* [Exercise description]: Quote exactly the lines from the one with "In this video, I" to the end of the data, both included; omit the pictures.

---------- Listed records ----------

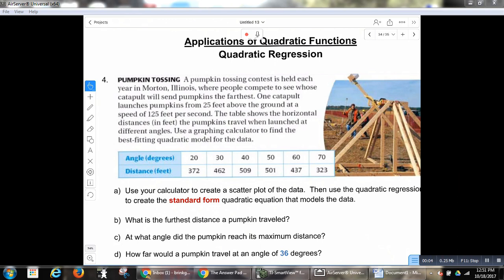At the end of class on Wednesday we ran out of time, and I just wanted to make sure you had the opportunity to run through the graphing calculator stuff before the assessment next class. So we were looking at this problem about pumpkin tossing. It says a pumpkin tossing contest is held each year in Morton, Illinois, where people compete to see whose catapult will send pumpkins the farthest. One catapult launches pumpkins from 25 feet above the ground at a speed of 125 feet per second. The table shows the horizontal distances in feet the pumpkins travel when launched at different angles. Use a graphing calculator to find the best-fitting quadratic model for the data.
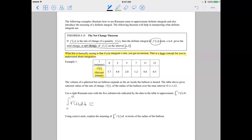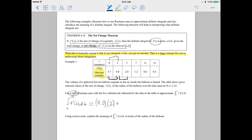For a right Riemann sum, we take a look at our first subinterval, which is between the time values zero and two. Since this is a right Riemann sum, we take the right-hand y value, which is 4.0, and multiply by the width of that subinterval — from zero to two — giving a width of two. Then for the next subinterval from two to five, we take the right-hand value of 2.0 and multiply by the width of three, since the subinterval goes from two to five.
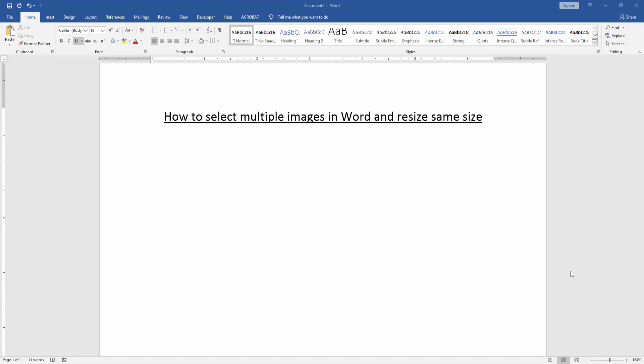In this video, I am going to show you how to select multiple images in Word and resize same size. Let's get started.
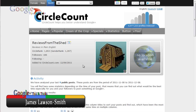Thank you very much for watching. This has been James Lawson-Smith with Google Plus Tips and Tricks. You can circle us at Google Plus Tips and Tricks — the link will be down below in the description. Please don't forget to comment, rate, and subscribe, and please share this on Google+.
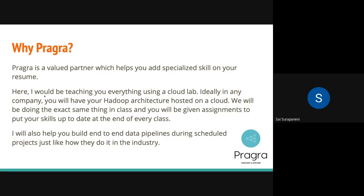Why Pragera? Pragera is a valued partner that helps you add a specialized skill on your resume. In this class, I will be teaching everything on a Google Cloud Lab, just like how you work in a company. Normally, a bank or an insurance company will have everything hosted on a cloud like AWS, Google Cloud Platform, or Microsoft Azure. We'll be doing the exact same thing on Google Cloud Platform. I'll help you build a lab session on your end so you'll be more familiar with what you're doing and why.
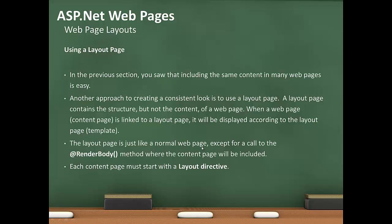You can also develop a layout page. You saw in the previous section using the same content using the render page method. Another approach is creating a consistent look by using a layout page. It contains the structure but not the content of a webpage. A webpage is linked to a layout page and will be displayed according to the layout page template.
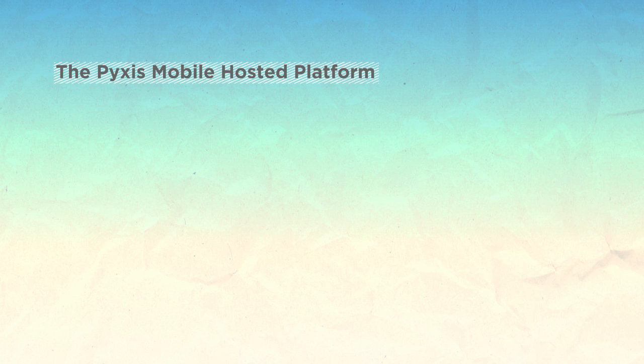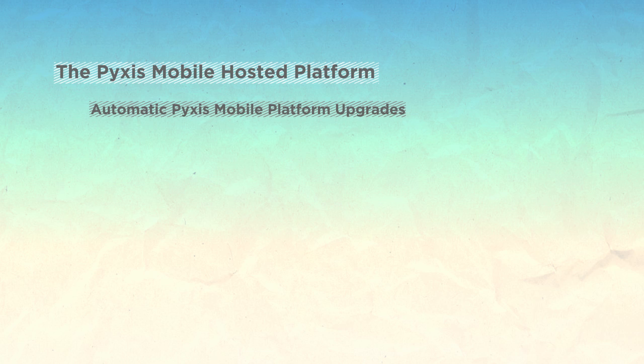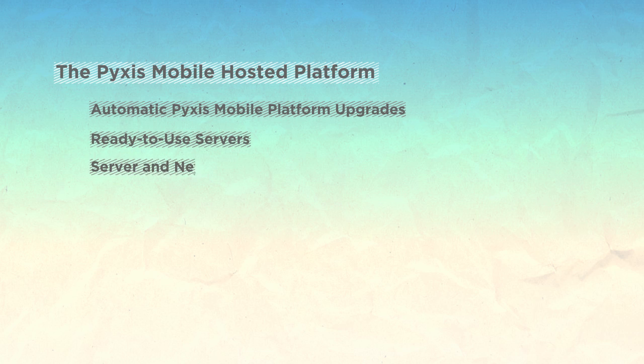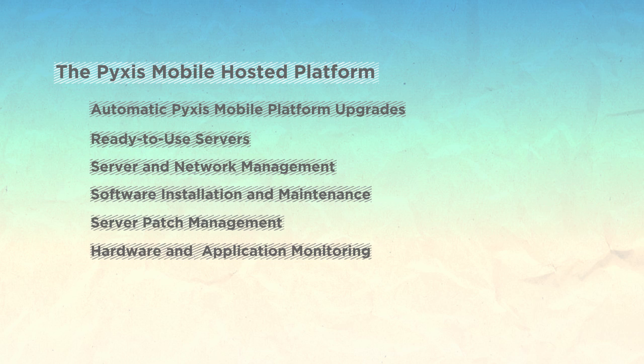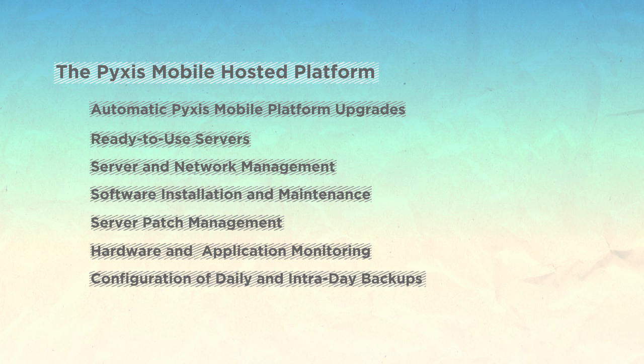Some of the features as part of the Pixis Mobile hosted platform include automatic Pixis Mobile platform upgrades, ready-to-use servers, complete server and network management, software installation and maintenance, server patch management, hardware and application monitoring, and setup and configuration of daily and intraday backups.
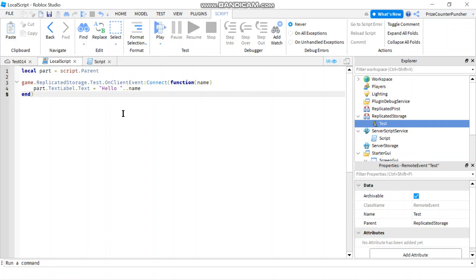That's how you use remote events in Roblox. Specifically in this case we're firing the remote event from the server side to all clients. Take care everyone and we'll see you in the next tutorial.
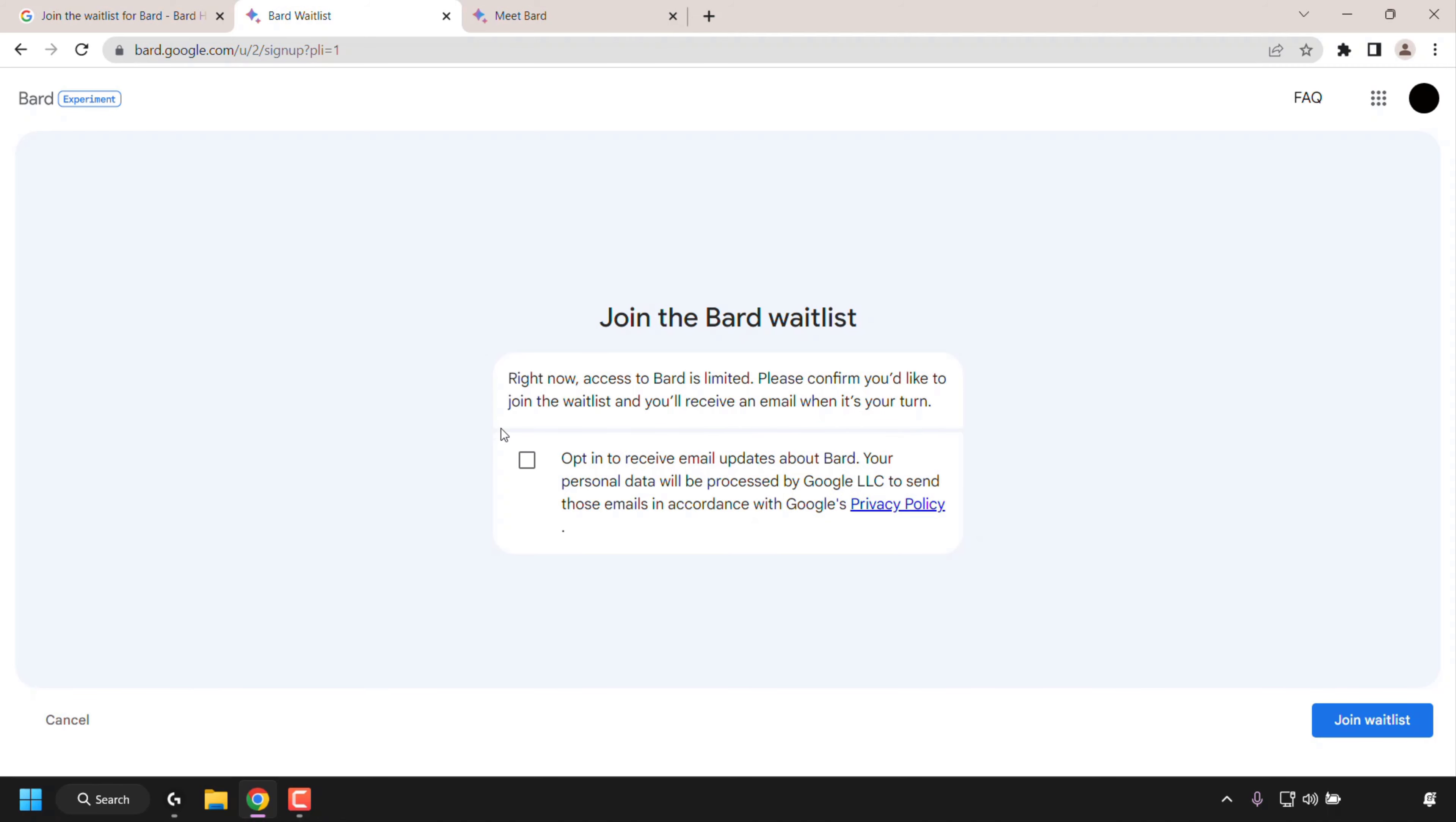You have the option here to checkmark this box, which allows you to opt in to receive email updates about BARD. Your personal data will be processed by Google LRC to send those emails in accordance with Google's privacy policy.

----------

* [Written response]:
In this video, I am going to show you how to select multiple images in Word and resize same size. Let's get started.
Thank you very much for watching. This has been James Lawson-Smith with Google Plus Tips and Tricks. You can circle us at Google Plus Tips and Tricks — the link will be down below in the description. Please don't forget to comment, rate, and subscribe, and please share this on Google+.
Why Pragera? Pragera is a valued partner that helps you add a specialized skill on your resume. In this class, I will be teaching everything on a Google Cloud Lab, just like how you work in a company. Normally, a bank or an insurance company will have everything hosted on a cloud like AWS, Google Cloud Platform, or Microsoft Azure. We'll be doing the exact same thing on Google Cloud Platform. I'll help you build a lab session on your end so you'll be more familiar with what you're doing and why.
You can also develop a layout page. You saw in the previous section using the same content using the render page method. Another approach is creating a consistent look by using a layout page. It contains the structure but not the content of a webpage. A webpage is linked to a layout page and will be displayed according to the layout page template.
Some of the features as part of the Pixis Mobile hosted platform include automatic Pixis Mobile platform upgrades, ready-to-use servers, complete server and network management, software installation and maintenance, server patch management, hardware and application monitoring, and setup and configuration of daily and intraday backups.
That's how you use remote events in Roblox. Specifically in this case we're firing the remote event from the server side to all clients. Take care everyone and we'll see you in the next tutorial.
You have the option here to checkmark this box, which allows you to opt in to receive email updates about BARD. Your personal data will be processed by Google LRC to send those emails in accordance with Google's privacy policy.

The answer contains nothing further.